**EXERCISE REQUIREMENTS**
Only the lines from the one with "Immagine 1 di" through the end of the material are wanted, copied exactly and with the pictures left out.

**COLLECTED DATA**
"""
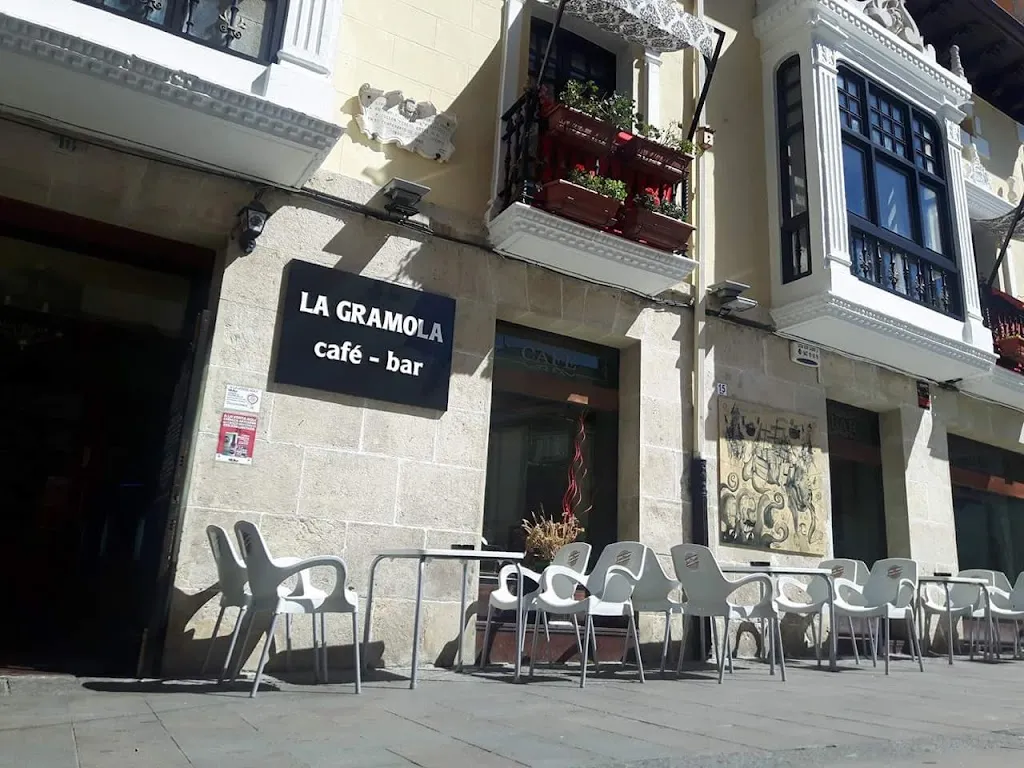 La Gramola Café Bar_Medina de Pomar_slider_image_1
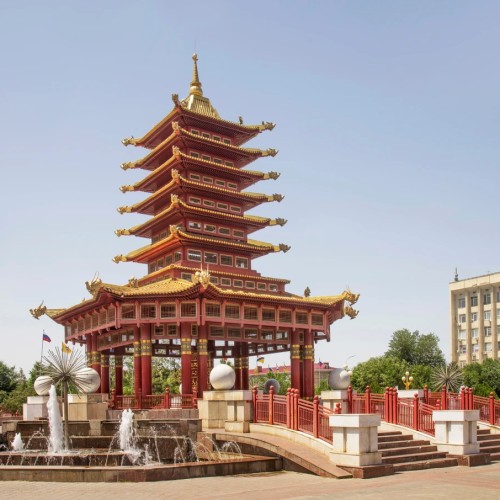 Насыщенный тур по Калмыкии: буддийские святыни и знакомство с кочевым бытом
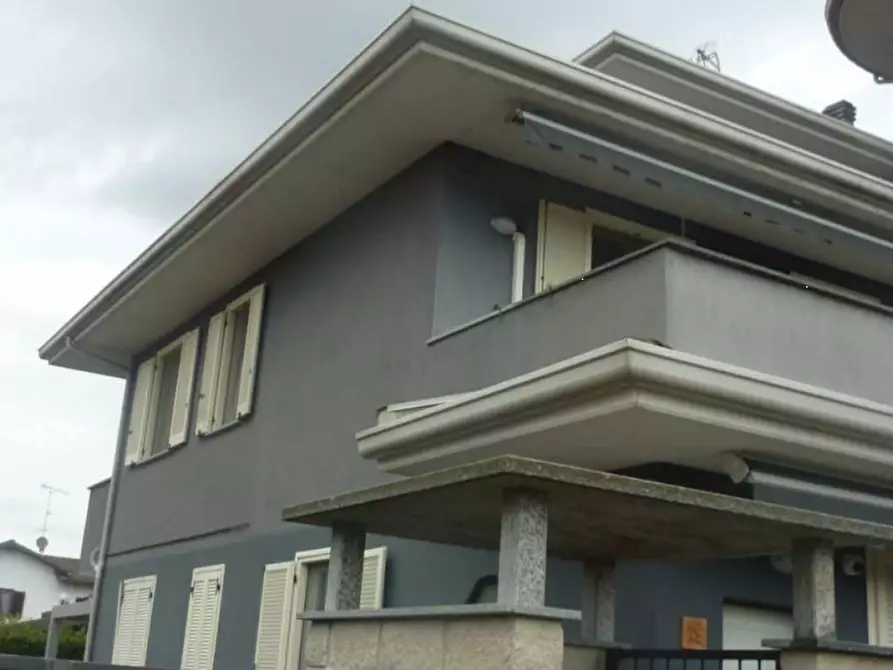 Immagine 1 di Appartamento in vendita  in Via Rovelleto a Gambolo'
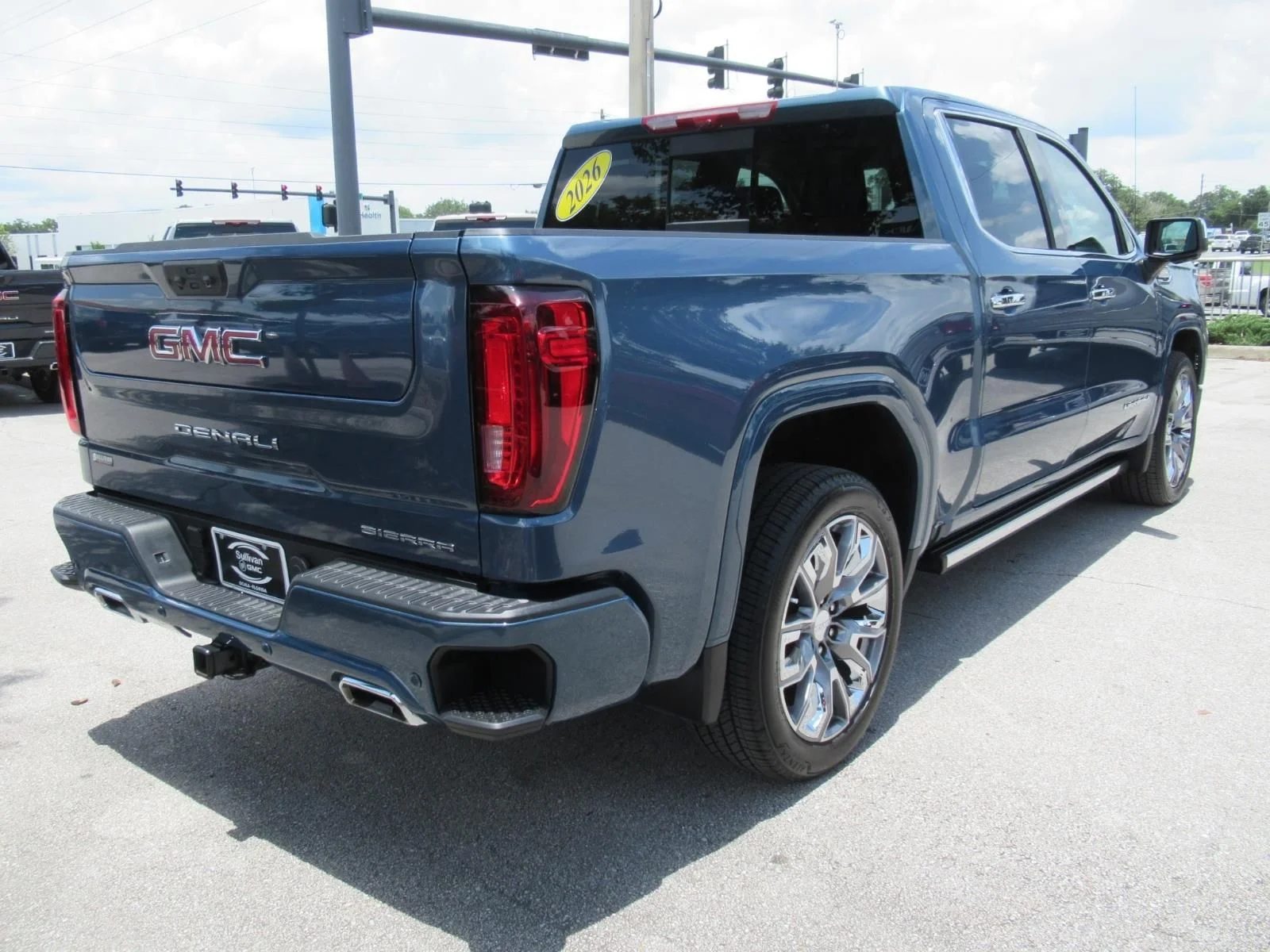 Used 2026  GMC Denali image 7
"""
**REPLY**
 Immagine 1 di Appartamento in vendita  in Via Rovelleto a Gambolo'
 Used 2026  GMC Denali image 7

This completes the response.